=== Dataset content ===

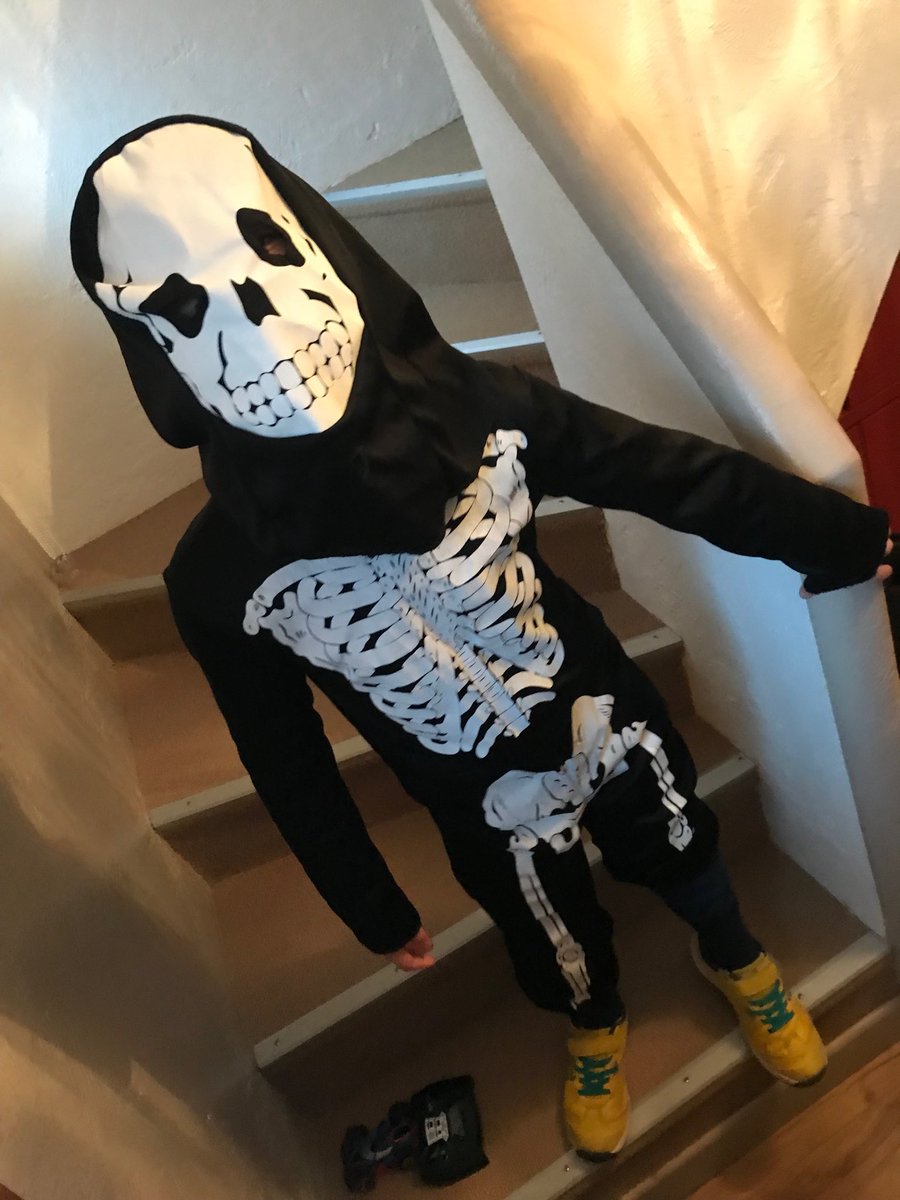 xchangepals's tweet image. #xchangepals #frenchenglish #languagelearning #franceengland #students Carnaval day at school in France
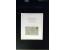 371st Auction - 3057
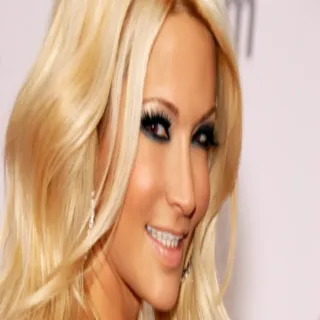 Jessica Drake porno yıldızı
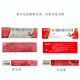 999 Sanjiu Dermatitis Ping Compound Dexamethasone Acetate Cream 30g: 22.5mg 30g/tube Neurodermatitis Contact dermatitis Seborrheic dermatitis Chronic eczema Skin itching
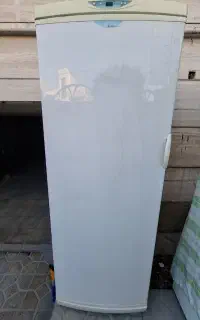 فروش یخچال و فریزر پارس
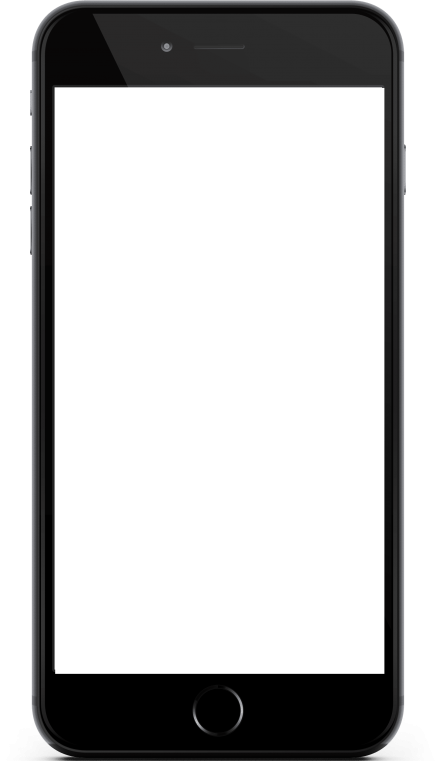 iPhone 16 Frame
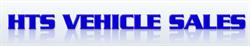 Hts Vehicle Sales, Helpringham opening hours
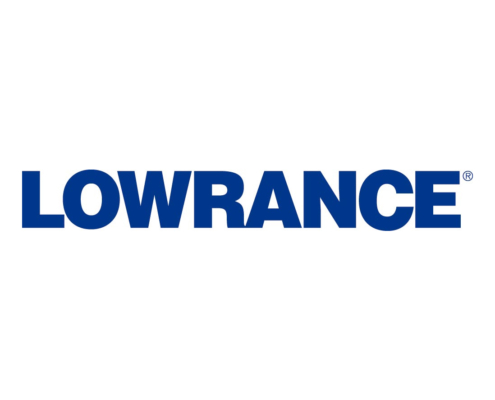 Lowrance Logo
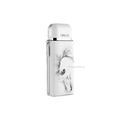 80ml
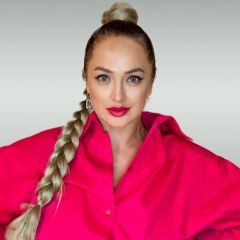 Ира Черепанова, 24.02, Тюмень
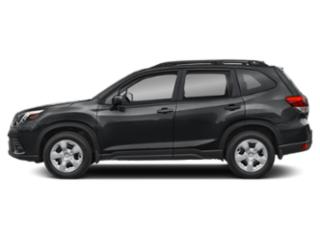 2022 Subaru Forester AWD photo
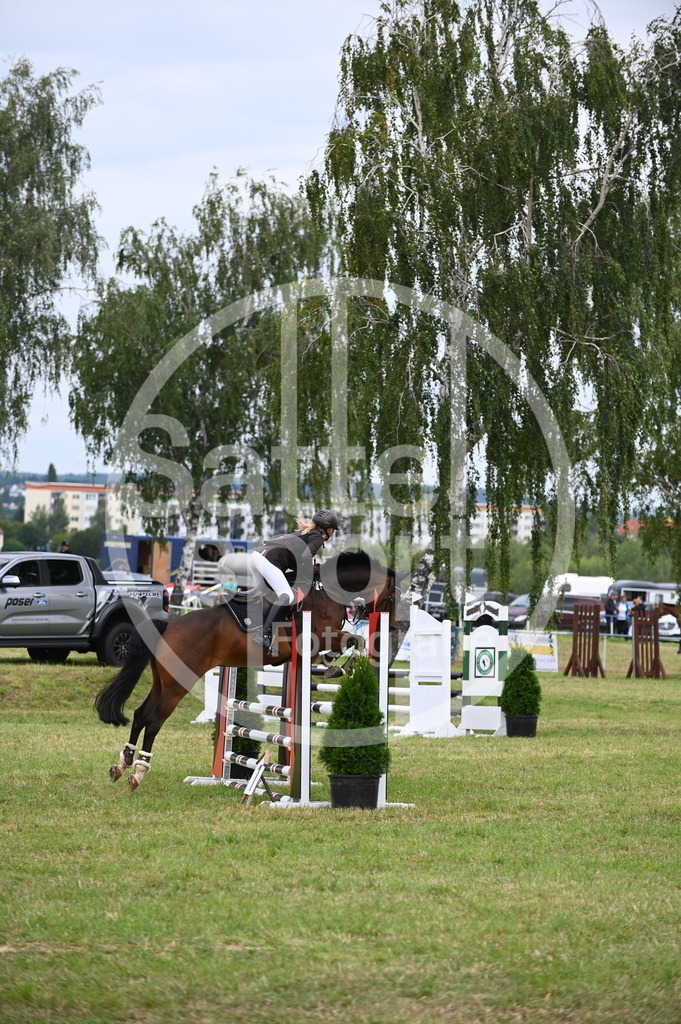 DSC_4978 | sattelsport - Realisiert mit Pictrs.com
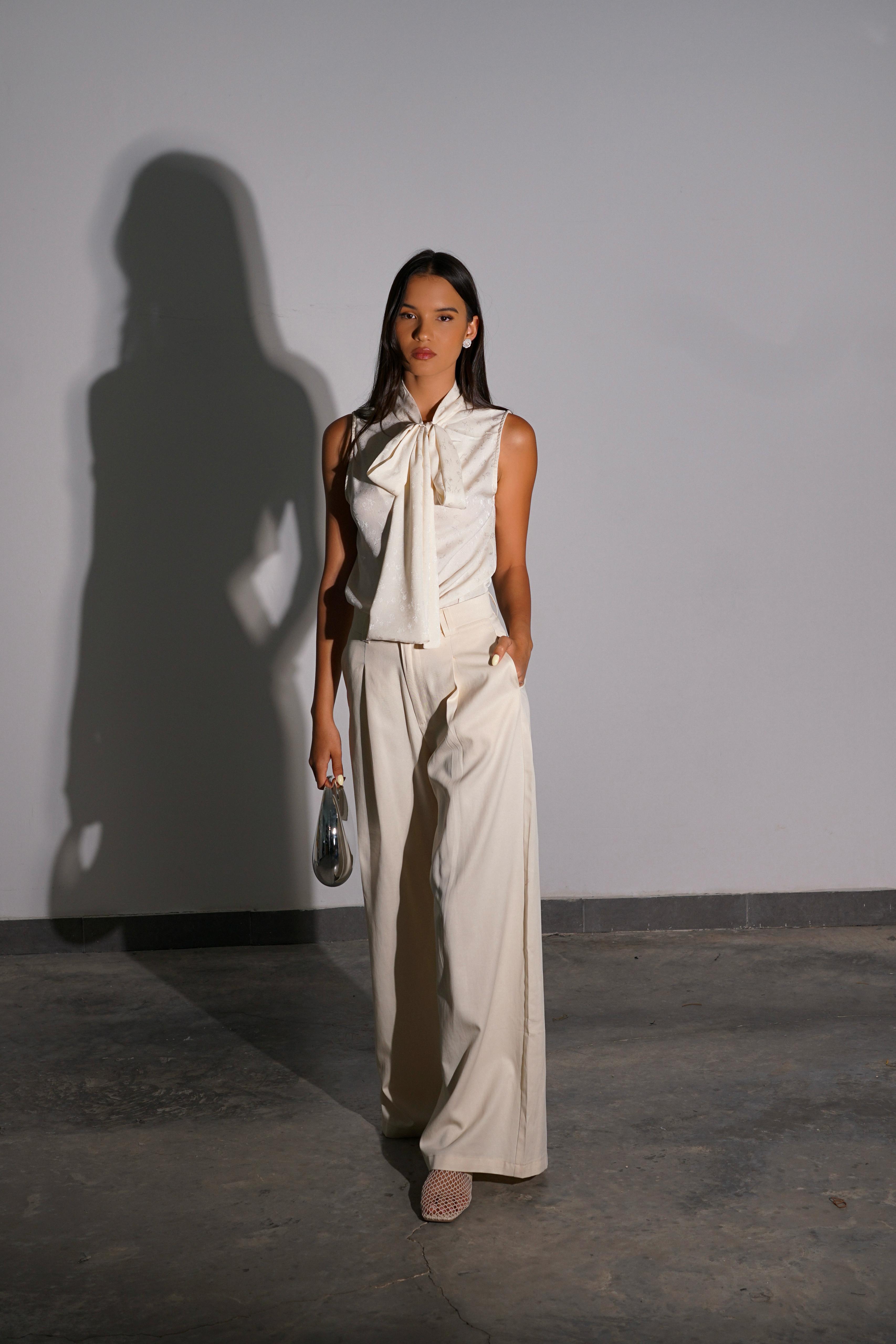 חולצת ג'סמין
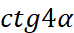 0401fcmu-05b2-74x33.png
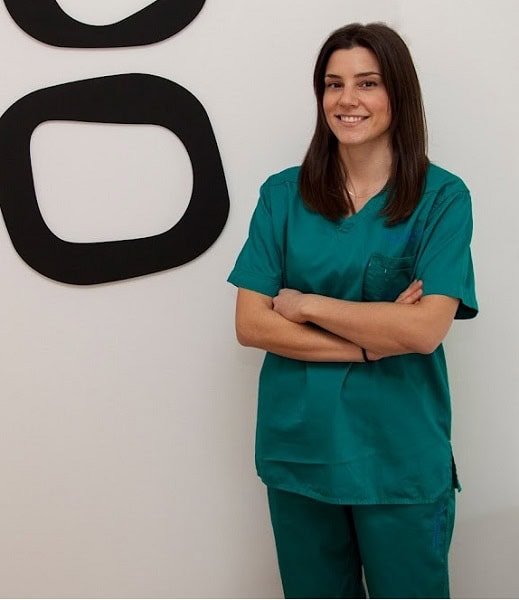 MyDoctors Αντωνιάδου Θέκλα 1 MyDoctors Antoniadou Thekla 2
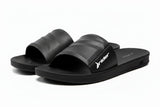 Chanclas Street Slide Ad 11578 Negro61721- SLK20 - Runner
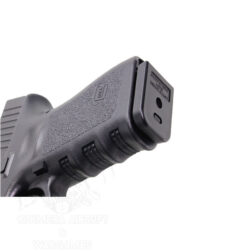 Glock 19 GBB Tokyo Marui - Negra - Imagen 11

===

» Instructions to follow: Take the records above from their first line through the line with "Ира Черепанова, 24.02, Тюмень" and set those lines down word for word, minus the pictures.

» Solution for this problem:
 xchangepals's tweet image. #xchangepals #frenchenglish #languagelearning #franceengland #students Carnaval day at school in France
 371st Auction - 3057
 Jessica Drake porno yıldızı
 999 Sanjiu Dermatitis Ping Compound Dexamethasone Acetate Cream 30g: 22.5mg 30g/tube Neurodermatitis Contact dermatitis Seborrheic dermatitis Chronic eczema Skin itching
 فروش یخچال و فریزر پارس
 iPhone 16 Frame
 Hts Vehicle Sales, Helpringham opening hours
 Lowrance Logo
 80ml
 Ира Черепанова, 24.02, Тюмень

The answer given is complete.